Steps/Code to Reproduce
1. Create demo data
import pandas as pd
import numpy as np
from datetime import datetime
def generate_random_dataframe(n_rows=25, n_cols=10, start_date="2000-01-01", freq="D"):
"""
Generate a random DataFrame with a datetime index.
Args:
n_rows (int): Number of rows in the DataFrame.
n_cols (int): Number of columns in the DataFrame.
start_date (str): Start date for the datetime index.
freq (str): Frequency for the datetime index (e.g., 'D' for daily, 'H' for hourly).
Returns:
pd.DataFrame: A random DataFrame with datetime as the index.
"""
# Generate column names
cols = [f"COL_{i}" for i in range(n_cols)]
# Generate random data
data = np.random.randint(0, 100, size=(n_rows, n_cols))
# Create a datetime index
index = pd.date_range(start=start_date, periods=n_rows, freq=freq)
# Create the DataFrame
df = pd.DataFrame(data, columns=cols, index=index)
return df
Write a 20 years times 10 000 columns DataFrame with random data to Arctic:
df = generate_random_dataframe(
n_rows=255 * 20, n_cols=10_000, start_date="1990-01-01", freq="D"
)
df.head()
import arcticdb as adb
uri = "lmdb://tmp/arcticdb_leak"
ac = adb.Arctic(uri)
library = ac.get_library("demo_lib", create_if_missing=True)

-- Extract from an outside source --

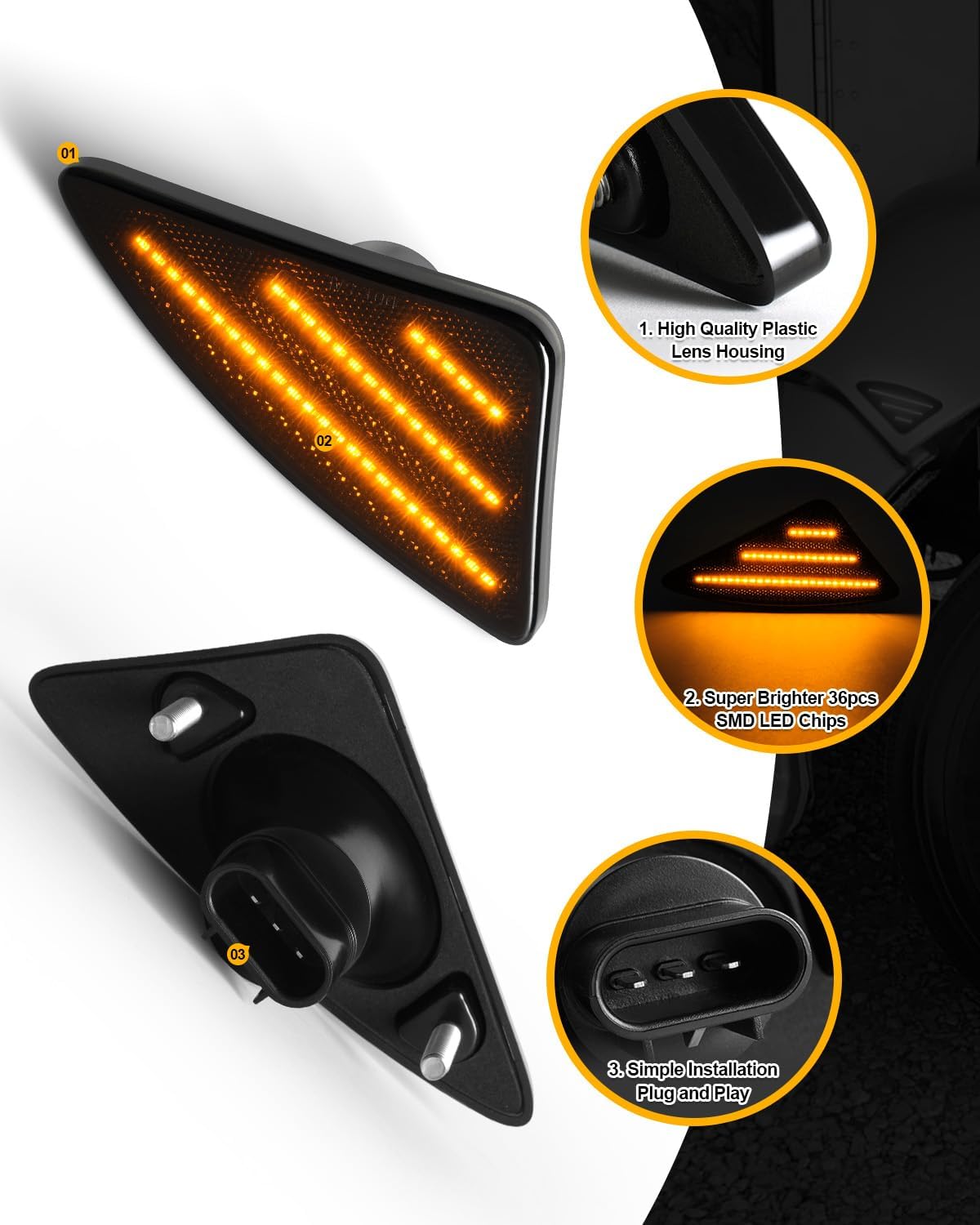 LED Side Marker Lights Compatible with Kenworth T660 T170 T270 T370 Semi Trucks 2008-2021,Turn Signal Lights Smoked Lens,Plug&Play, Waterproof(Normal Flash)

library.write("test_frame", df)
2. Read Data
Helper function to get memory usage of a list of DataFrames:
def get_total_dataframe_size_gb(df_list):
"""
Calculate total memory usage of a list of DataFrames in gigabytes.
Parameters:
df_list (list of pd.DataFrame): List of DataFrames.
Returns:
float: Total size in GB.
"""
total_bytes = sum(df.memory_usage(deep=True).sum() for df in df_list)
return total_bytes / (1024**3)
Read the full dataframe for reference:
from_storage_df = library.read("test_frame").data
print(f"Shape of data: {from_storage_df.shape}")

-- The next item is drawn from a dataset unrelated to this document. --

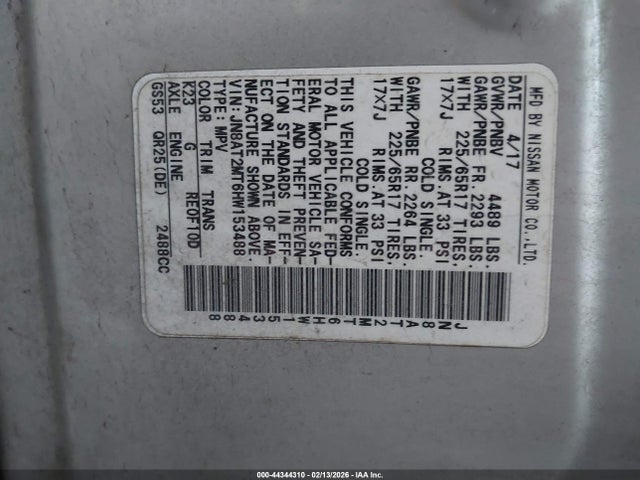 JN8AT2MT6HW153488 Nissan ROGUE SV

print(f"Size of data: {get_total_dataframe_size_gb([from_storage_df]):.2f} GB")
Read only a slice:
n_rows_to_read = 3
from_date = from_storage_df.index[1]
to_date = from_storage_df.index[n_rows_to_read]
small_df = library.read(
"test_frame",
date_range=(from_date, to_date),
).data
print(f"Shape of fetched subset of data: {small_df.shape}")
print(
f"Size of fetched subset of data: {get_total_dataframe_size_gb([small_df]):.4f} GB"
)
Now read the small slice in a loop and save results in a list:
retrieved_data = []
n_times_to_fetch = 100
for i in range(n_times_to_fetch):
small_df = library.read(
"test_frame",
date_range=(
from_date,
to_date,
),
).data
retrieved_data.append(small_df)
if i % 10 == 0:
print(f"Fetched small subset {i} times")
print(
f" Total size of retrieved data so far: {get_total_dataframe_size_gb(retrieved_data):.2f} GB"
)
print()
print(
f"Total size of retrieved data: {get_total_dataframe_size_gb(retrieved_data):.2f} GB"
)
Expected Results
Memory usage should in total increase by ca 0.0002 GB * 300 = 0.06 GB -- instead, it increases by several hundred MB per iteration (until out of memory).
OS, Python Version and ArcticDB Version
- Linux
- Python 3.10.12
- ArcticDB 5.2.3
Backend storage used
LMDB
Additional Context
We're able to bypass the problem using adb.QueryBuilder().date_range((from_date, to_date))
as an argument instead to library.read
, but it's not clear if this is the intended way to do it and why the most obvious way to read a slice of a DataFrame would cause this memory leak.